I'm not sure about the approach. There is already a mechanism to defer destruction for buffers/textures that are in use -- see the code at the end of Buffer::destroy and Texture::destroy. There is a tension between safely keeping resources alive when needed, and enabling applications to destroy them immediately when desired to recover memory. The case where a resource is referenced in a command buffer, then destroyed before that command buffer is submitted, is intended to be supported (there is a check on submit that resources have not been destroyed).

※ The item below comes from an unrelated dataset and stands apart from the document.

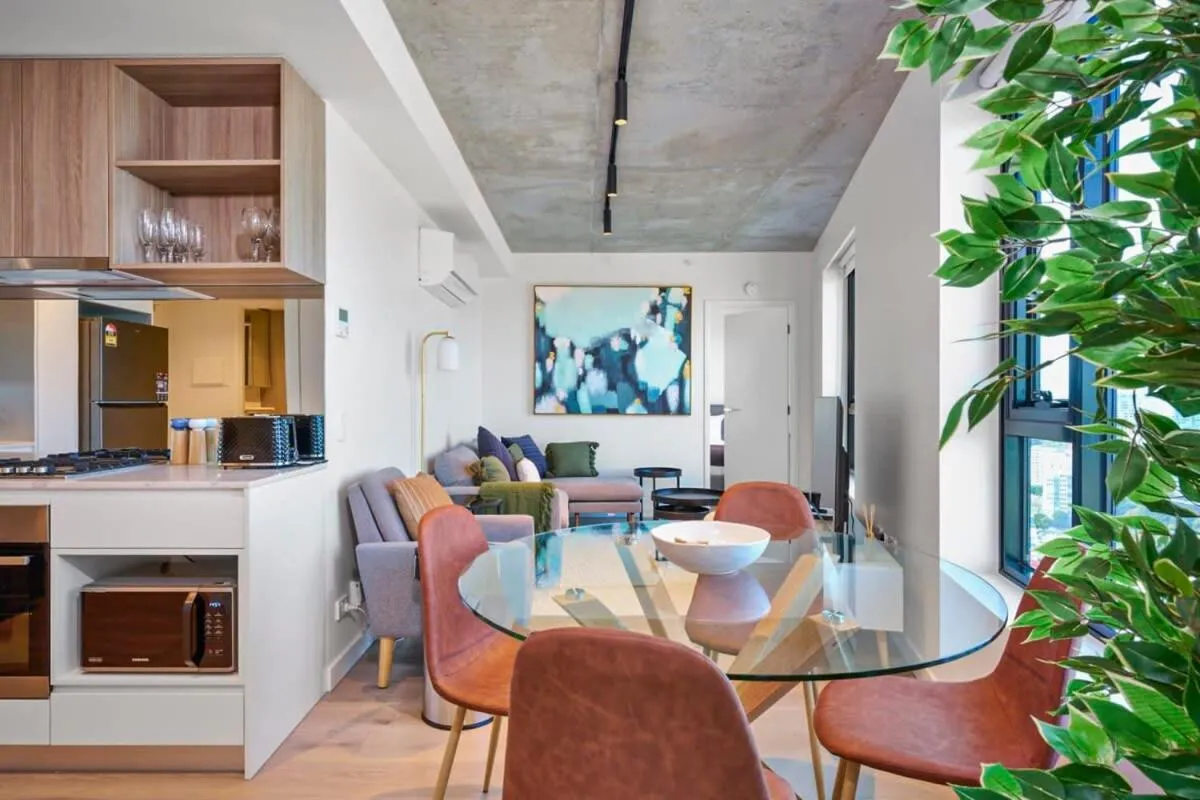 Modern 2-Bedroom City Gem with Sea Views — 5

It may be useful to look at #8129 and the "full set of changes" referenced in the description, in particular 42e4a04. This was a (never merged) attempt to address the resource lifetime problem a different way closer to what you are doing, where the resources would be kept alive via Arc references in the tracker and recovered only once all the references went away. It changed destroy to replace the Arc reference held in the hub with a tombstone, allowing the resource to be destroyed at that point if there weren't other references in trackers keeping it alive.

I don't think it should be necessary to have both the in_flight_count mechanism and the schedule_resource_destruction mechanism for managing lifetime.

I would still be interested to see a test case. We have made changes over the past few months (in particular, encoding on finish) that should have made it harder to destroy resources and then still end up trying to use a command buffer that references them. The exception I know of is #7816, I believe (other than setting the retain references flag) that issue is still outstanding and I'm not aware of a strategy for fixing it besides keeping all resources alive whenever they are referenced in a command buffer. But I think that might be a Metal bug, and I don't know if we want to remove the ability to eagerly destroy resources entirely if we can get it fixed in Metal.

@uael
Copy link
Contributor Author

uael commented Dec 16, 2025

Thank you for the detailed explanation. I clearly didn't had enough context when approaching this but what I'm sure about is that #7816 doesn't happen anymore with this proposed approach (and the previous closed one), even with unretained references (without #7842).

I would still be interested to see a test case.

Unfortunately all I have is memory measurements from our iOS app and #7842 is definitely the culprit: memory indefinitely accumulate when this specific commit is cherry-picked. But that's on v25.

I'm not sure about the approach.

In the end I'm not even looking for this exact proposed approach/behavior, I was just trying to get #7816 fixed without the need for #7842. Hopping that it can fix the following as well:

-[MTLDebugDevice notifyExternalReferencesNonZeroOnDealloc:]:3459: failed assertion `The following Metal object is being destroyed while still required to be alive by the command buffer 0x1220c7a00 (label: (wgpu internal) Signal):
<MTLToolsObject: 0x600002b02450> -> <MTLSimBuffer: 0x60000382c300>
    label = Render Pass Vertex Buffer 
    length = 36 
    cpuCacheMode = MTLCPUCacheModeDefaultCache 
    storageMode = MTLStorageModePrivate 
    hazardTrackingMode = MTLHazardTrackingModeTracked 
    resourceOptions = MTLResourceCPUCacheModeDefaultCache MTLResourceStorageModePrivate MTLResourceHazardTrackingModeTracked  
    purgeableState = MTLPurgeableStateNonVolatile'
CoreSimulator 1048 - Device: iPad mini (A17 Pro) (395B57A4-D87A-4845-90CB-168FA4CE7140) - Runtime: iOS 26.0 (23A339) - DeviceType: iPad mini (A17 Pro)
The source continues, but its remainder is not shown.